Following additional discovery, the evidentiary hearing was held on these claims. The court heard the testimony of witnesses, and exhibits were admitted into evidence. After the hearing itself, but as a part of the hearing record, petitioner submitted the depositions of witnesses Piazza, Diaz, Singer, Yancey, and McTigue, which the court has read.

Petitioner also filed a subsequent request for this court to take judicial notice of four items, to which respondent objects:

(1) One is a set of answers to interrogatories given by respondent in this proceeding. That is certainly a proper document for this court to consider. But it does not demonstrate any fact that is not otherwise established by the record.

(2) The second is a brief by Dr. Berg's attorney in a case against Berg, from which petitioner here attempts to argue that Dr.
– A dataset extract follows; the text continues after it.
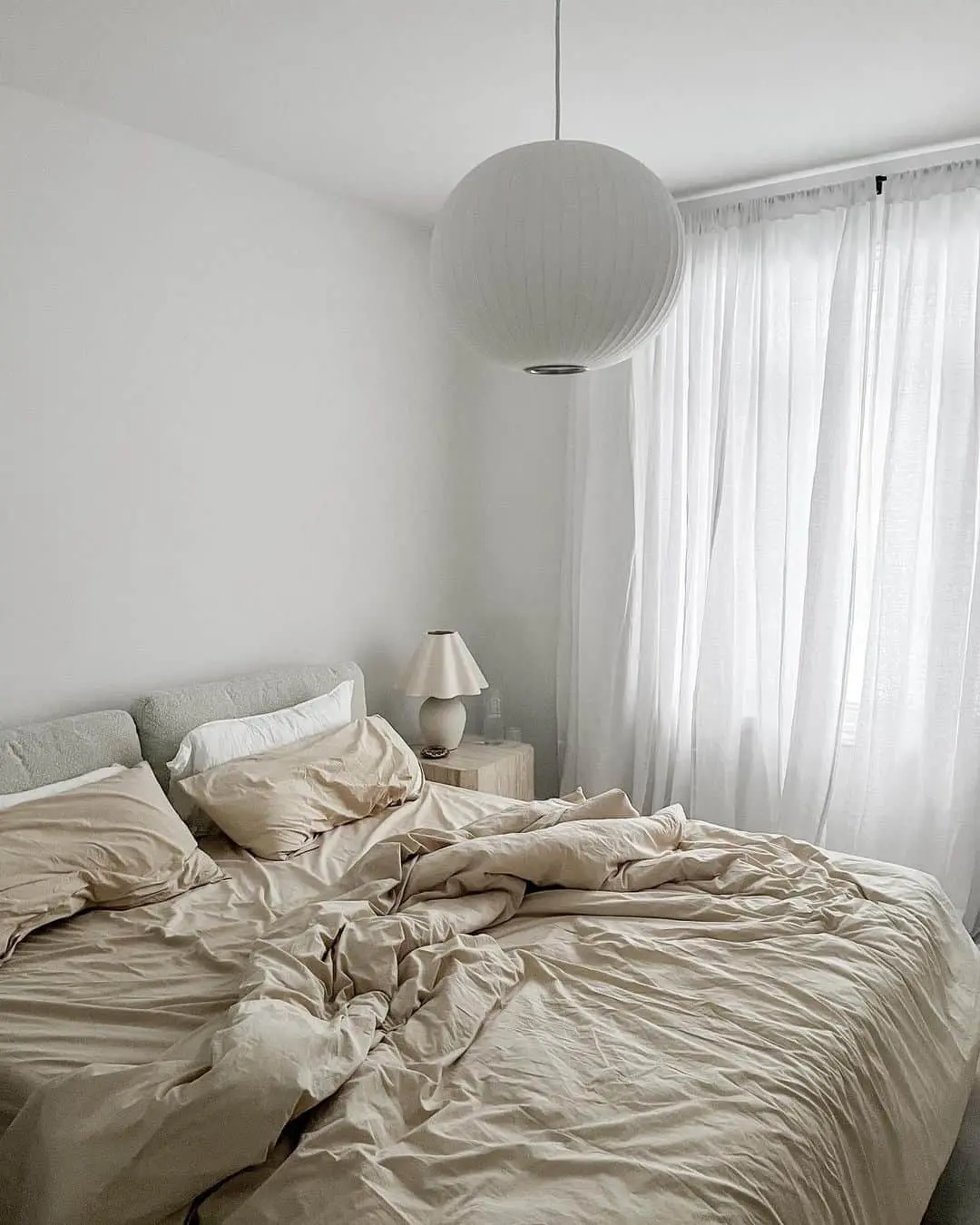 Large Orb Pendant Light Softens a Minimalist Bedroom
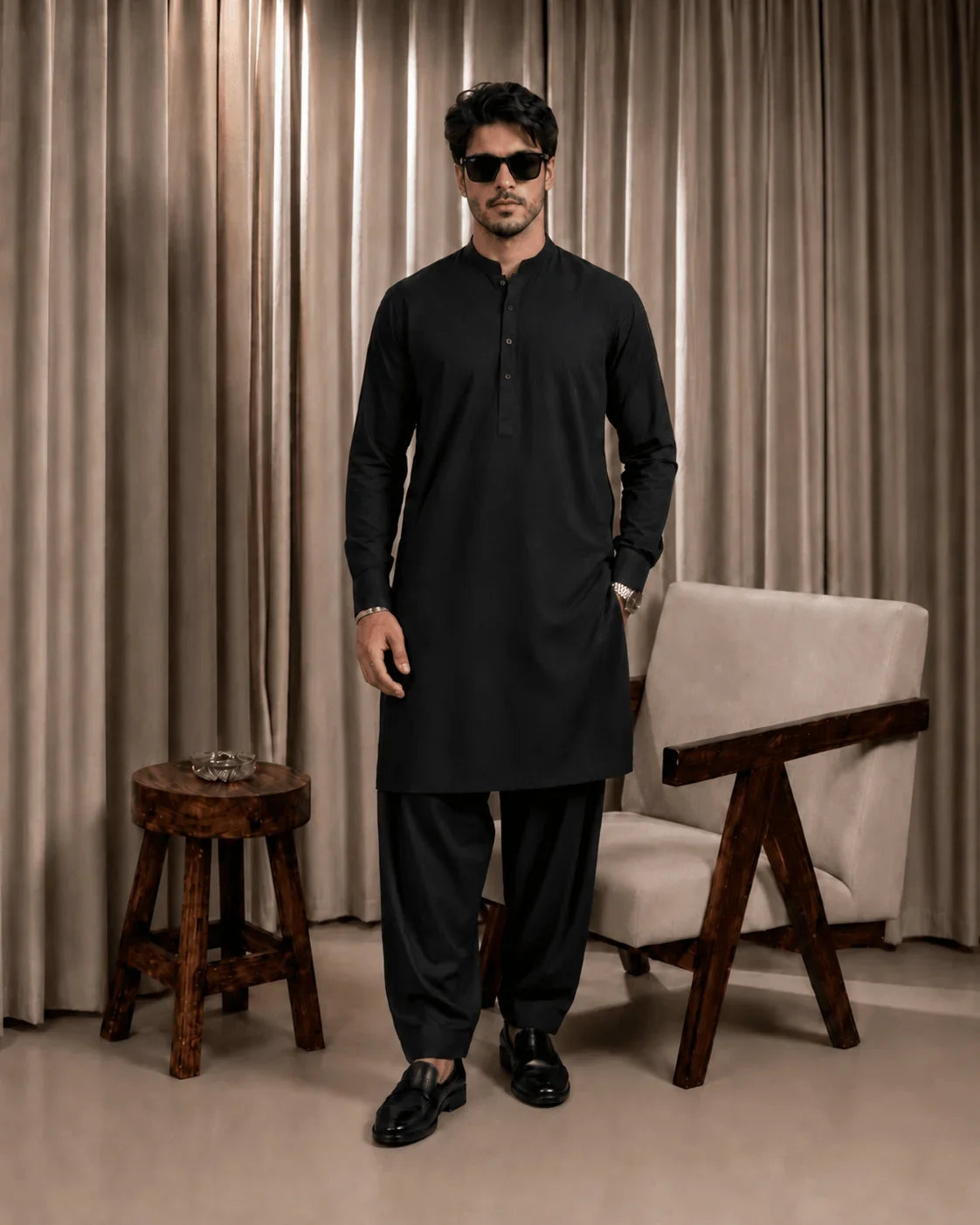 Men's black unstitched suiting fabric for formal and festive wear, styled as a kurta set with trousers.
Berg knew of the state's investigation of him at the time he testified in petitioner's trial. The court has read that brief, and concludes that it does not establish what petitioner seeks to show. The brief is on the whole a social and political polemic, devoid of any facts that are material here. The inference which petitioner attempts to draw from it is not supported by the brief. And the brief does not establish any admission by Dr. Berg that would be a proper subject of judicial notice.

(3) The third document is from another case, apparently on the subject of the state Attorney General telling local agencies to comply with an injunction directed to the Attorney General in that case. However, that document is simply a submission by one side in that case, and it does not establish any facts here.

(4) The fourth is a newspaper article published at the time of petitioner's conviction, purporting to quote "an anonymous juror." Such an article is not a proper subject of judicial notice.

The parties have also filed post hearing briefs, which the court has reviewed in detail.


These claims are reviewed by this court under the following standards.

The 1996 Anti-terrorism and Effective Death Penalty Act (AEDPA) is inapplicable to this case, Lindh v. Murphy, 521 U.S. 320, 117 S.Ct. 2059, 2068, 138 L.Ed.2d 481 (1997). Therefore, the court reviews petitioner's constitutional claims under a de novo standard. See generally 2 James S. Liebman & Randy Hertz, Federal Habeas Corpus Practice and Procedure, § 30.2 at 957 (2d ed. 1994); Wright v. West, 505 U.S. 277, 112 S.Ct. 2482, 120 L.Ed.2d 225 (1992). Even though the California Supreme Court denied petitioner's claims on the merits, this court can decide the legal questions and mixed questions of fact and law. Id. Because the state court held no hearing and made no written findings on these claims, there are no factual findings to which this court must defer. (See former 28 U.S.C. § 2254(d), according a presumption of correctness to state fact findings after a hearing on the merits and evidenced by written findings). This court is therefore empowered to find the facts and to independently apply federal law to the facts.

A state conviction that has become final carries a general presumption of regularity. Johnson v. Zerbst, 304 U.S. 458, 468, 58 S.Ct. 1019, 82 L.Ed. 1461 (1938); McKenzie v. McCormick, 27 F.3d 1415, 1417 (9th Cir. 1994); Bellew v. Gunn, 532 F.2d 1288, 1290 (9th Cir. 1976). Accordingly, petitioner here bears the burden to establish that his conviction was affected by constitutional error. Id.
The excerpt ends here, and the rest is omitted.